[Stored records]
* * *

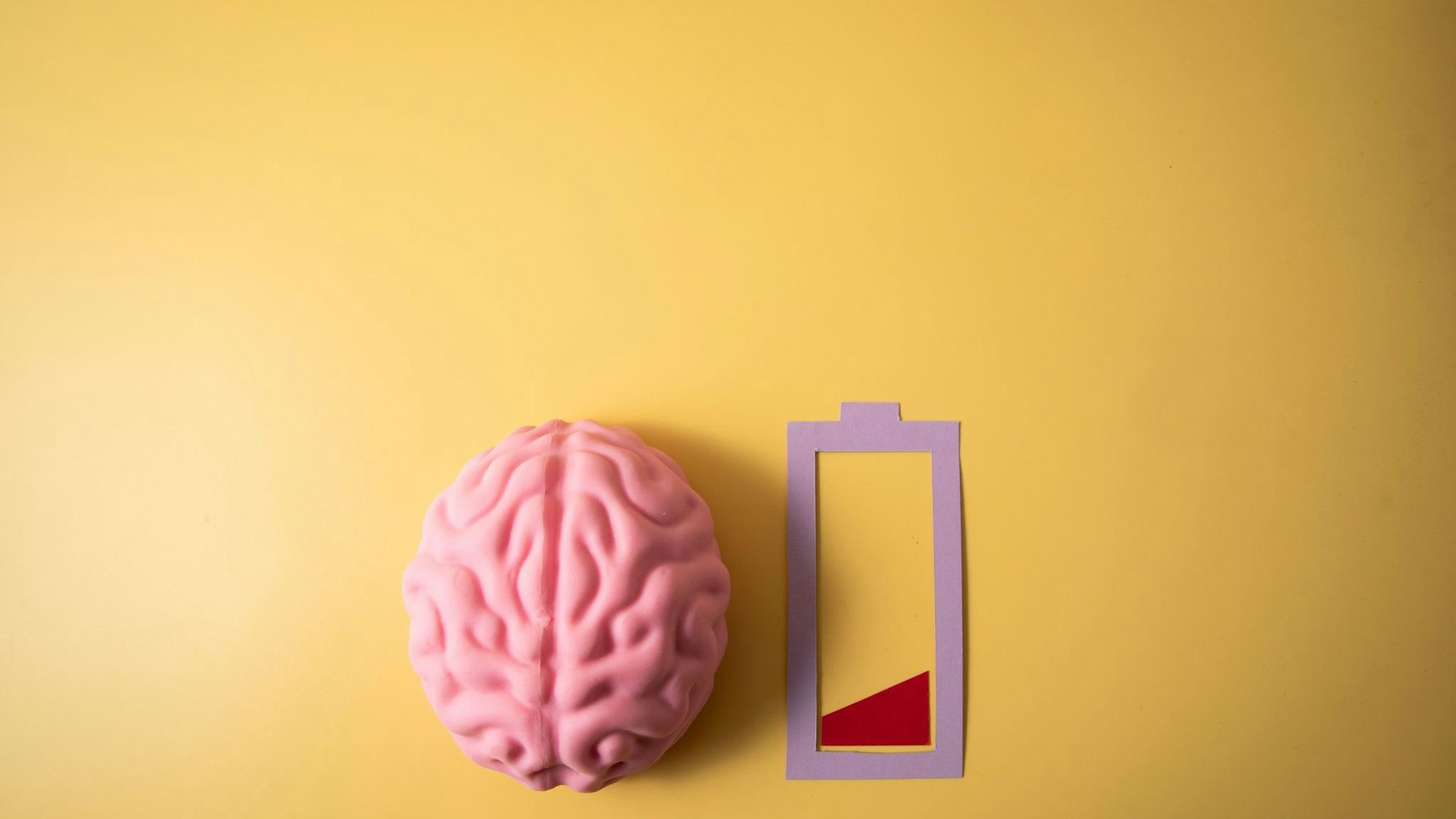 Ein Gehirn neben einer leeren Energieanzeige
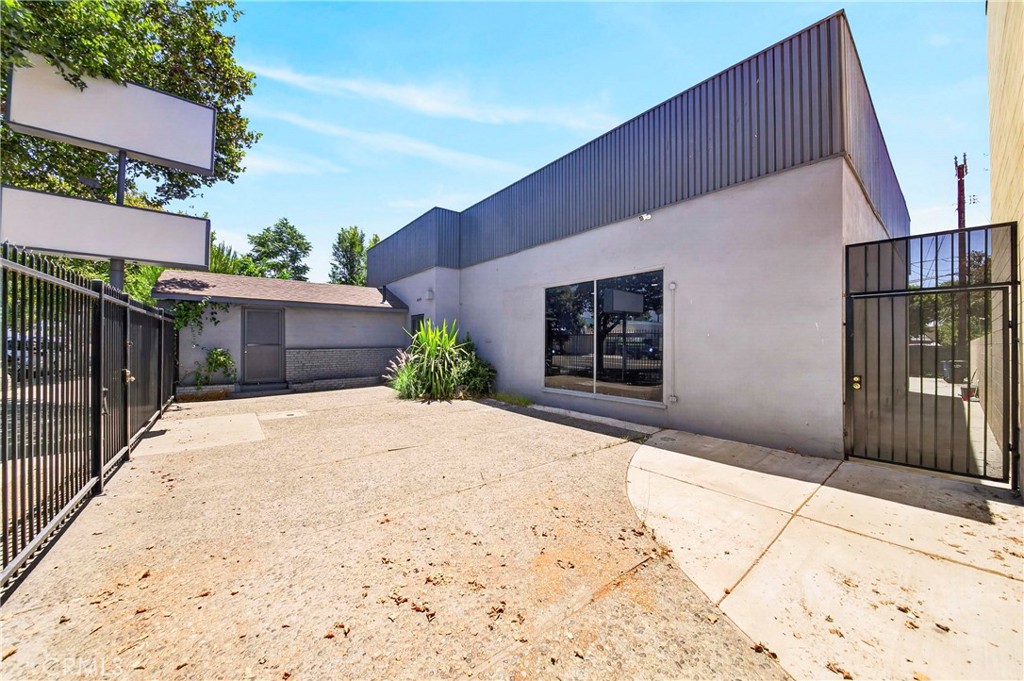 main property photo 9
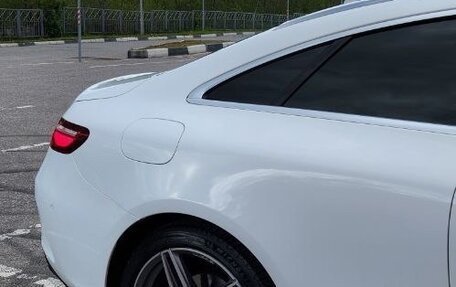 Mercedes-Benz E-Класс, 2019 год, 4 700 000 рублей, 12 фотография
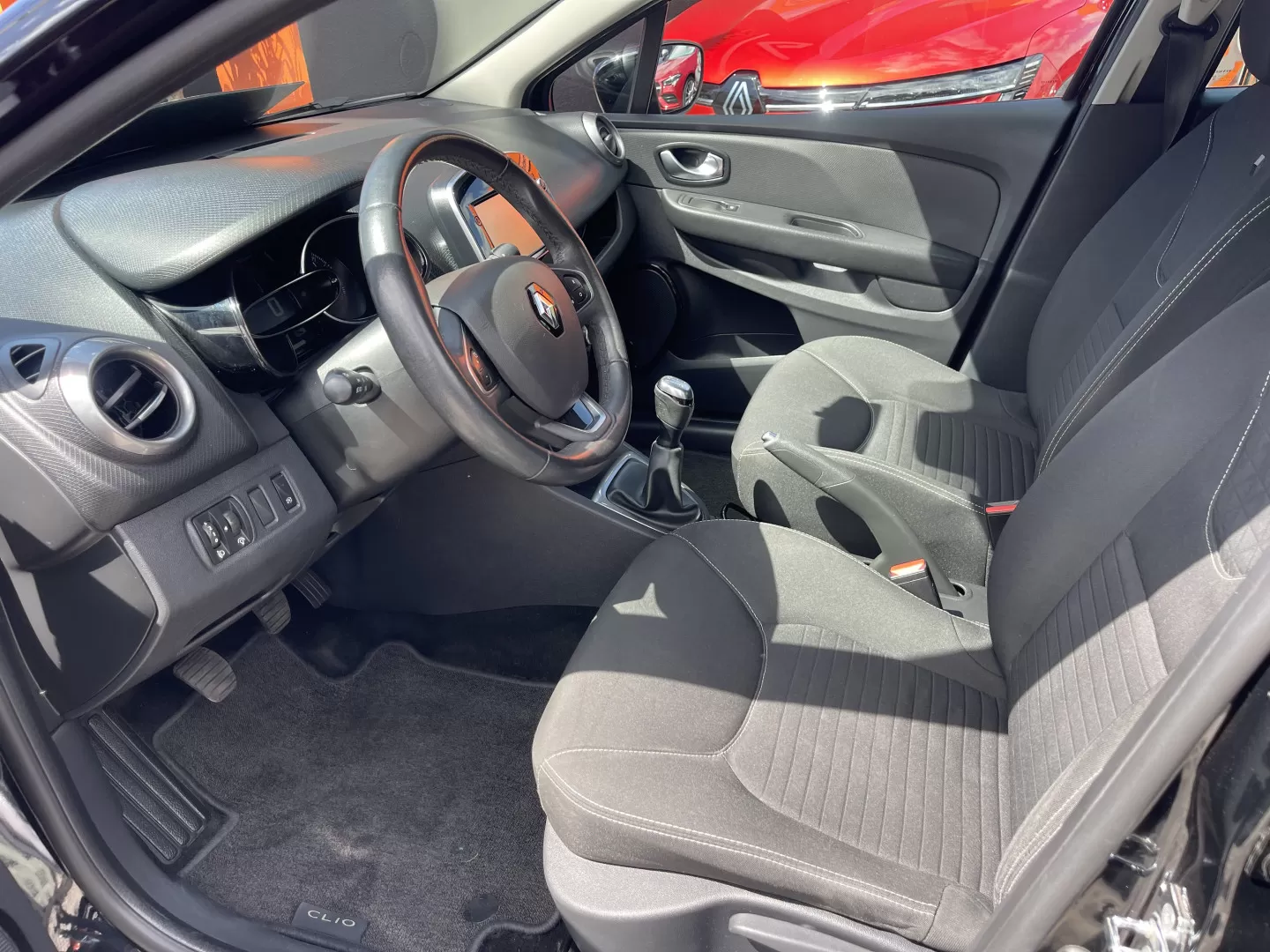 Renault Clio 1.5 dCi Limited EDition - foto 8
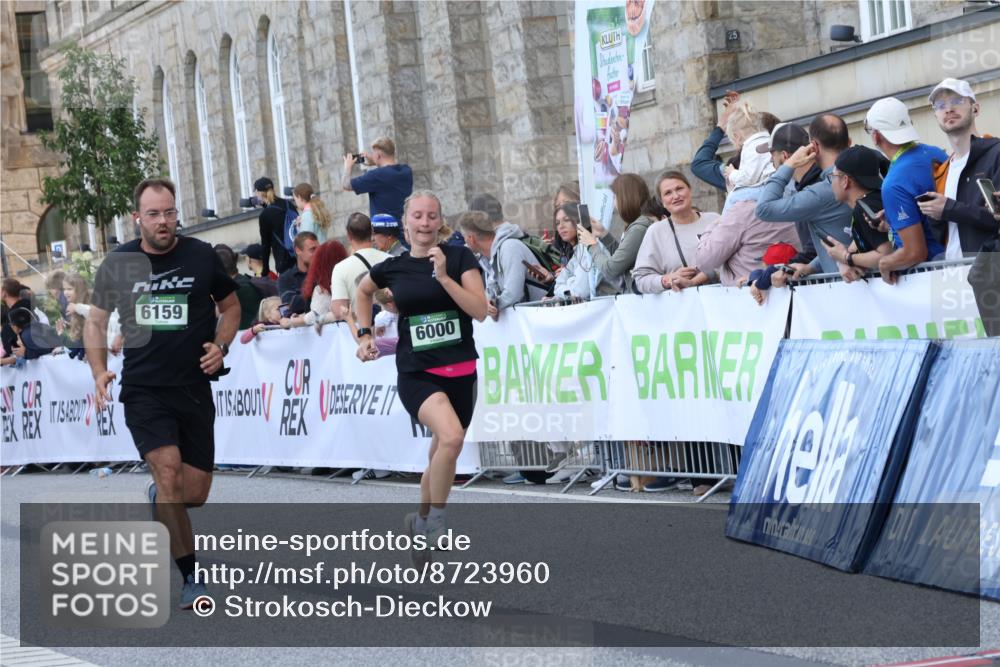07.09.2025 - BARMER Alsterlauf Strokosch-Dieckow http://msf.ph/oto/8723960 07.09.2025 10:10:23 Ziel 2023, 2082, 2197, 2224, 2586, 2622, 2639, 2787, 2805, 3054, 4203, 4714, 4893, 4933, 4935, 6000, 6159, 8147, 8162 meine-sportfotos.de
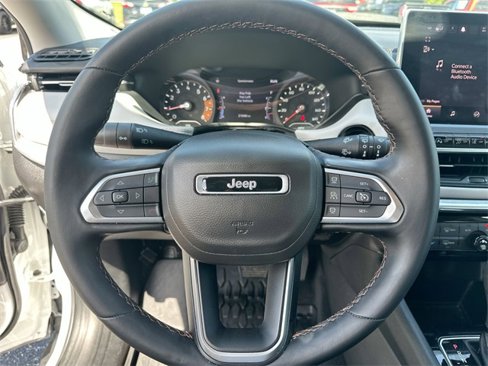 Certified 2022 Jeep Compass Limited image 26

* * *

§ **WHAT IS REQUIRED**: The data above are to be repeated word for word, with any pictures left out.

§ **EXERCISE ANSWER**:
 Ein Gehirn neben einer leeren Energieanzeige
 main property photo 9
 Mercedes-Benz E-Класс, 2019 год, 4 700 000 рублей, 12 фотография
 Renault Clio 1.5 dCi Limited EDition - foto 8
07.09.2025 - BARMER Alsterlauf Strokosch-Dieckow http://msf.ph/oto/8723960 07.09.2025 10:10:23 Ziel 2023, 2082, 2197, 2224, 2586, 2622, 2639, 2787, 2805, 3054, 4203, 4714, 4893, 4933, 4935, 6000, 6159, 8147, 8162 meine-sportfotos.de
 Certified 2022 Jeep Compass Limited image 26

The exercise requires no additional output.